# Looking at getting another GSD



## Miikkas mom (Dec 21, 2009)

Miikka will be 2-years-old in October. I am seriously considering getting a second GSD (I’ve always wanted 2 GSD – my own little pack :wub. I’d like to purchase the new pup from a good, reputable breeder but I am also VERY open to getting a rescue GSD. 

I browse the Rescue forum often but all of the dogs are so far away. If I should run across a rescue that sounds like he/she would be a good fit for us, how do I get the dog to New Mexico? Other than putting the dog in a crate on an airplane is there any way to get it here? I could certainly drive some distance (300 to 400 miles) but a lot of the dogs in the forum are on the east coast or New England area. Any ideas?


----------



## BowWowMeow (May 7, 2007)

I thought NM had a gsd rescue? Or did they used to have one? What about Texas? There's a good one in Austin and that's a nice place to visit. Or Colorado? I always loved visiting there. 

Seriously though, I wouldn't adopt without doing a meet and greet with Miikka and without meeting the dog. That's just me but it is based on some years of fostering/adopting experience. 

What I did when I was looking to adopt (this last time) was to search petfinder within an 8 hour driving radius. I then sent out inquiries and apps on a number of different dogs. Rafi really, really caught my eye and he was near Cincinnati (where my mom lives) so I set things up to meet him. He was a courtesy post through a Cinci gsd rescue. I also applied to (and was approved by) several other rescues in the area and tentatively set up some meetings with their dogs too. However, once I met Rafi I knew he was the one. He did fine with Chama and I observed him in his foster home where he was fine with the cats. I then got together with him every day for a week and after a week drove him home with us. 

That process was certainly MUCH more thorough than anything I had done before but I do think meeting the dog and also having the two dogs meet is very, very important when adopting.


----------



## Miikkas mom (Dec 21, 2009)

Yes, there are 2 GSD rescues in NM (that I know of). One is in Albuquerque but they are hard to get a hold of. I've left one email but so far no reply. The other is in Alamogordo. I've talked to them a few times now. They do have one male but he likes to be "in charge"...so does Miikka....I don’t think it would work. It's too bad because he is a beautiful dog. 

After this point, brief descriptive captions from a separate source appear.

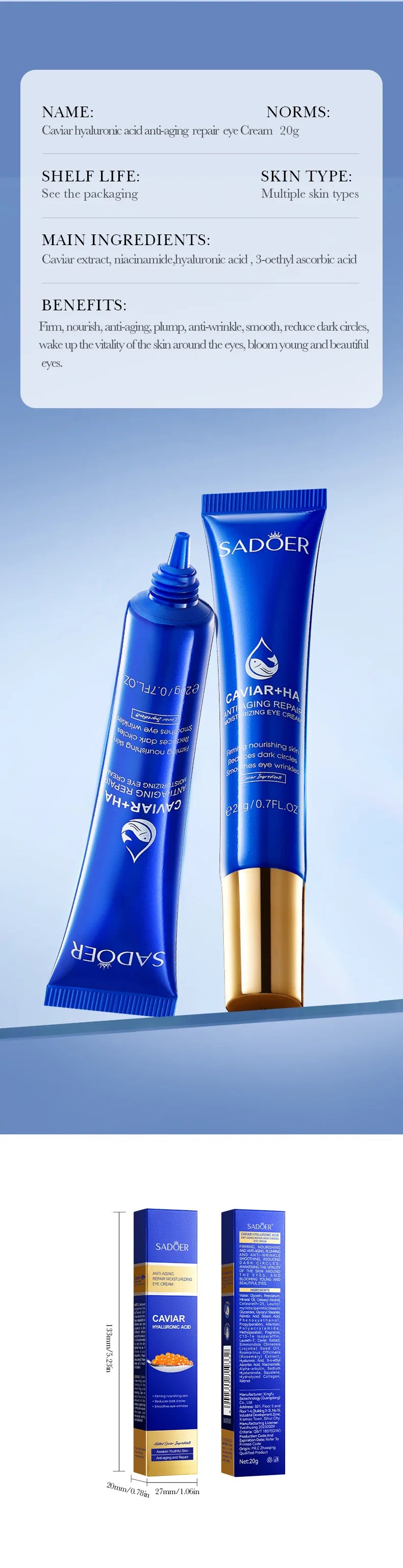 SADOER Caviar Hyaluronic Acid Eye Cream Anti Dark Circles Removal Eyes Bags Firming Moisturizing Beauty Eyes Skin Care Products
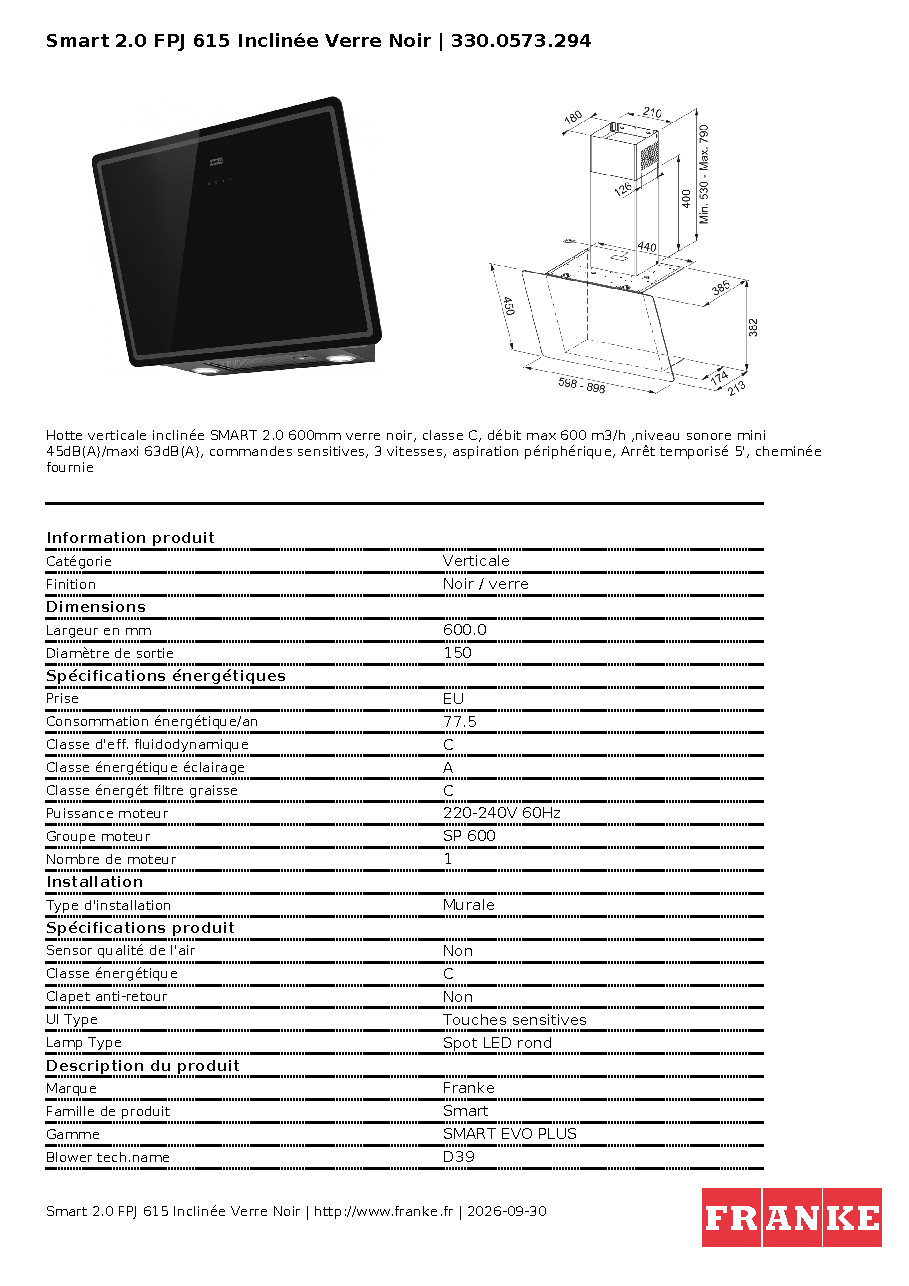Fiche technique fournisseur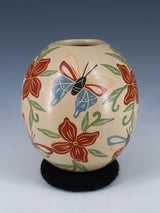 Mata Ortiz Hand Coiled and Etched Butterfly Pottery - PuebloDirect.com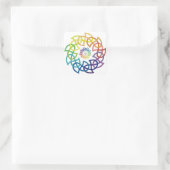 Celtic Rainbow Knotwork Rings Vierkante Sticker (Tas)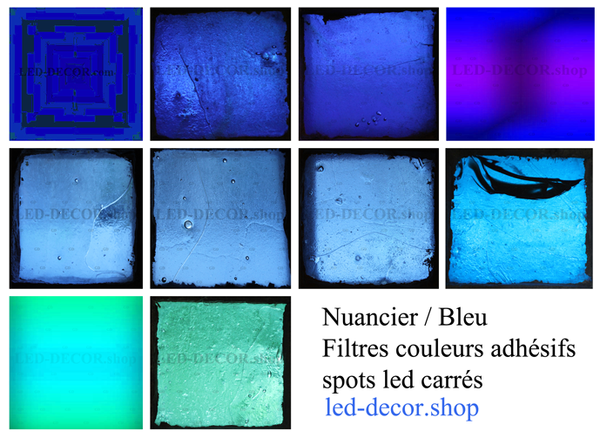 Stickers filtres couleurs adhésifs pour spots led carrés 17 x 17 cm. ref : Bleu vert moyen.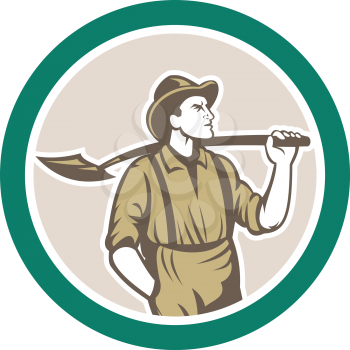 Illustration of a prospector miner wearing hat with shovel facing front set inside circle done in retro style on isolated background.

I found one rescue in Arizona. There was one young male I was very interested in...then I found out they DO NOT adopt out of state. :thinking:

I think at this point, I'm really leaning toward getting a puppy, primarily because of our cat. I’ve noticed a lot of rescues say “no cats” or “does not do well with cats”. We do have a cat and I think bringing in a puppy in lieu of a big dog might work better for her.


----------



## idahospud49 (Jan 28, 2011)

Yeah the rescue here in Arizona seems to be a bit more difficult to work with than I would like. If you do decide to go with a breeder, I totally recommend mine.


----------



## BowWowMeow (May 7, 2007)

I actually found a lot of dogs in rescue who were good with cats. I was super picky this last time since Cleo was already quite old. I've always found that puppies and cats are much harder to handle than adult dogs who already do well with cats. However, when Cleo was younger I fostered quite a few puppies and she did teach them the ropes...which meant to defer to her under all circumstances or risk being swatted. ;-)


----------



## idahospud49 (Jan 28, 2011)

https://www.facebook.com/pages/Central-Arizona-Animal-Rescue/148349676368

This is a group here in Arizona, they tend to have a lot of GSD's, from what I have seen anyways.


----------



## Runswithdogs (May 8, 2010)

The Central NM GSD (that is run by Kathy Gonsey) is smaller than the Southern NM one, but that is where we got Regen. 
I would see how Miikka does with other mellow, balanced, confident adult male dogs to see if she might be fine with an older male who is "bossy"...I think rescues are really special even though they can be crazy-- hearing about GSD puppies make me think that even the craziness of a rescue is on par with a smart puppy though!  
Miikka will be so excited to have a playmate! 
The other thing to think about doing is have her do a half day at Bow Wow and see how she does with the dogs there. They introduce gradually and the first day is free. Both Regen and Osa do great there and it's helped them with meeting new dogs.


----------



## vomlittlehaus (Aug 24, 2010)

Just a suggestion, but if you could get a hold of one of the rescues in NM maybe they can get the pup for you. There are SEVERAL in California, one was just posted today by a friend on FB that is a pup.


----------



## JeanKBBMMMAAN (May 11, 2005)

Great idea, Dawn, worth a try! 

They will say no cats on dogs that should not live with cats. Advantage you (or your cat, really) knowing in advance that it won't work, instead of getting a puppy, then getting it home and finding that it is always going to be fixated on your cat.


----------



## Miikkas mom (Dec 21, 2009)

Thanks everyone! I appreciate your input. 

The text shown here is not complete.